Nancy Dayanne Valladares is an interdisciplinary artist, filmmaker and educator currently based in New York. Born in Tegucigalpa, Honduras, Nancy’s practice is deeply influenced by the construction of Honduran national identity through botanical and agricultural regimes. Trained as a photographer and filmmaker, her practice examines the networks and flows of image making, and their technopolitics: from sensors, to servers, to precious metal extraction and the carbon intensive footprint of the cloud.
Valladares was a resident at Triangle Arts Association and the Bauhaus Dessau Foundation, and received fellowships at Harvard University’s Film Studies Center and the Transmedia Storytelling Initiative at MIT. Nancy’s work has been exhibited and screened at Los Angeles Contemporary Exhibitions, the MIT List Visual Arts Center, Cambridge; Stiftung Bauhaus Dessau; Massachusetts Institute of Technology; Sakiya Foundation, Ramallah; Goethe Institute Chicago; Ralph Arnold Gallery, Chicago; and Microscope Gallery in New York.

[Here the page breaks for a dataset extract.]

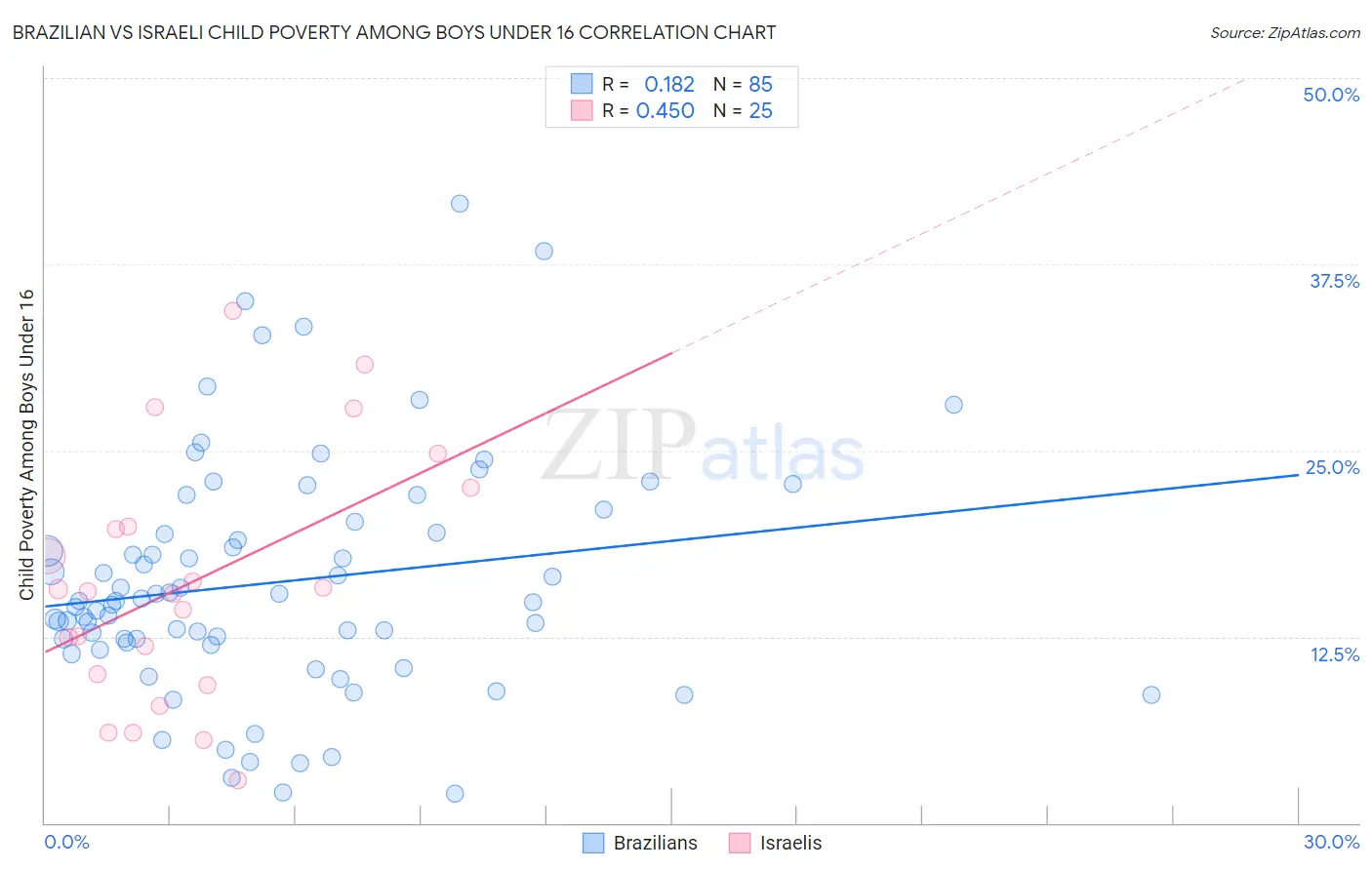 Brazilian vs Israeli Child Poverty Among Boys Under 16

Alongside Hsurae, Nancy runs Lythologies.org a decentralized research group interested in climate futures and new ecological imaginaries. Their collaborative practice emerges from pedagogical experiments, cooking sessions, and art workshops held in the high desert and the arctic: sites of geologic and temporal frictions. With the support of cultural organizations in Taiwan and the US they have built a network of collaborators that are deeply invested in telling stories about climate and the environment. Collaborative works and workshops have been exhibited at MIT, Maxxi, RIXC Arts and Science Festival, Fab Cafe Taipei, Parsons (The New School) and Artica Svalbard.